Are Participants Really Cutting Back on Savings?
The new study, by the Vanguard Center for Retirement Research, acknowledges that last year 3.1% of 1.3 million participants in defined contribution plans administered by Vanguard stopped making contributions, and that that was up by 0.7% from the prior year. Additionally, the study acknowledges that, in any given year a small percentage of active participants ceases contributing, and that the economic and market downturn in 2008 appears to have raised that rate slightly.

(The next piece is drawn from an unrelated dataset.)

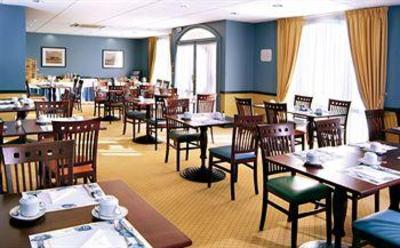 фото отеля Park & Suites Maisons-Laffitte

However, the study says that while “recent surveys have suggested that a large group of households have ended retirement savings programs during the market turmoil of 2008,” the Vanguard data suggest a different conclusion. Those recent surveys included “Retirement Security or Insecurity? The Experience of Workers Aged 45 and Older” by AARP, which was cited in last fall’s hearings by the House Education and Labor Committee by Congressman George Miller (D-California) (see “Congress Considers Market Impact on Retirement Security“), and “Economic Downturn Puts Strain on Already Insufficient Retirement Savings” by TD Ameritrade Holding Corp. (see “Some Too Strained to Save“).
Vanguard notes that their analysis of administrative data using Vanguard DC plans suggests that “at least among DC plan participants, inertia remains quite powerful, so few active participants have ended their savings program.” The study notes that in 2006 and 2007, both “relatively benign periods for the economy and for financial markets,” about 2.5% of participants who were active contributors at the beginning of the year ceased contributing to their DC plans by the end of the year, even though they remained active employees and eligible to continue contributing to the plan.

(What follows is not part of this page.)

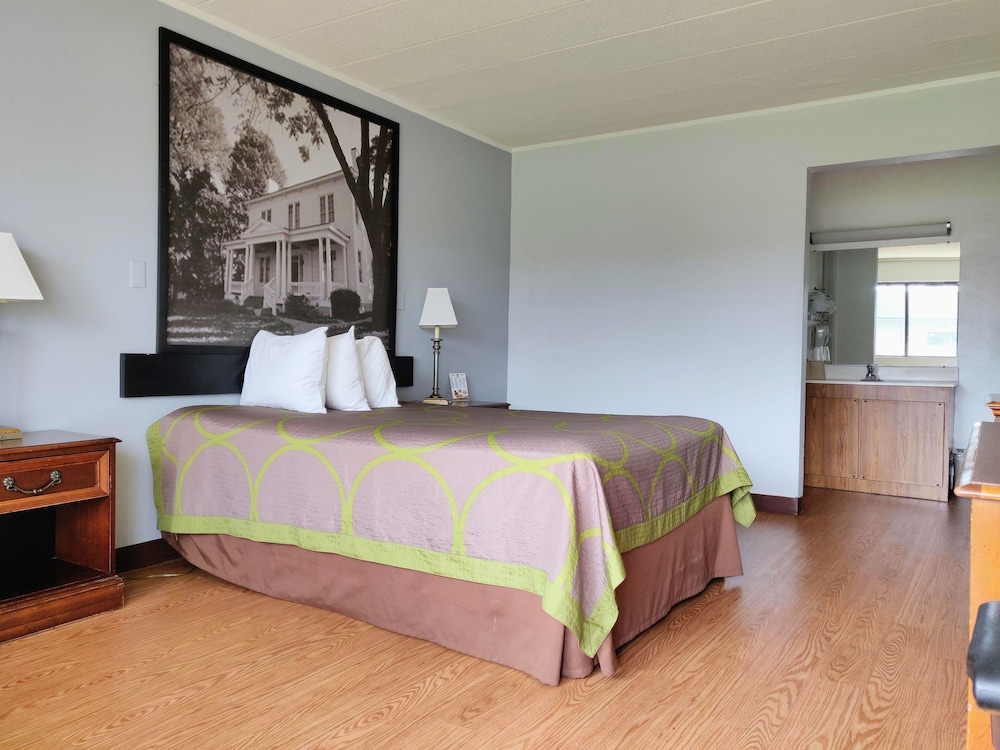 Sprucewood Inn - photo 5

Those figures weren’t much different than the 3.1% who took the same action in 2008.
Digging Deeper
Vanguard’s researchers—Cynthia A. Pagliaro and Stephen P. Utkus—dug deeper into the trend, noting that a month-by-month analysis of participants who stopped contributions uncovered a “seasonal pattern, with the number of those ending contributions increasing toward the end of the calendar year.”
The study notes that more research is needed to fully understand that dynamic, but noted that “it may be just a coincidence that the rate of discontinued contributions rises near the holidays, typically a time of competing spending priorities.” However, the researchers do acknowledge that perhaps the most prominent feature in the month-by-month analysis is the jump in those ending contributions in November. “One likely explanation is that participants were reacting to exceptional market volatility during that month,” they note.
Demographic Dynamics
Compared with participants who maintain their contribution levels, active participants who ceased making contributions tend to be slightly younger and less tenured, with lower household incomes. “At the same time,” Vanguard notes, “more than three-quarters of those ending contributions had household incomes of $50,000 or more, suggesting that the decision to stop saving is not isolated to lower-earnings households.”

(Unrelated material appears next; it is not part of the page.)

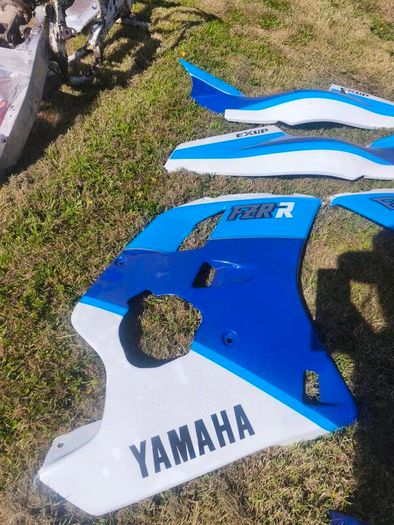 Yamaha fzr250 3ln fairings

Over three years, participants who continued to save in these plans (excluding new hires during the 2006 to 2008 period) saw contributions grow by 5% to 10%, though that increase reflects both wage increases and any increase in contribution rates.
As for what might account for the differences between this study and the others noted above, Vanguard says that might be due to a couple of factors:
- Other survey results include any type of retirement saving, “and so it reports on individuals ending discretionary retirement savings programs, like an occasional contribution to a savings or investment account;” or
- The other survey data are “partially capturing changes in intentions—households that were thinking of saving but chose not to.”
The Vanguard researchers also acknowledge the gap between self-reported behavior in surveys versus the reality in action evidenced on the recordkeeping systems where those intentions may—or may not—be acted on.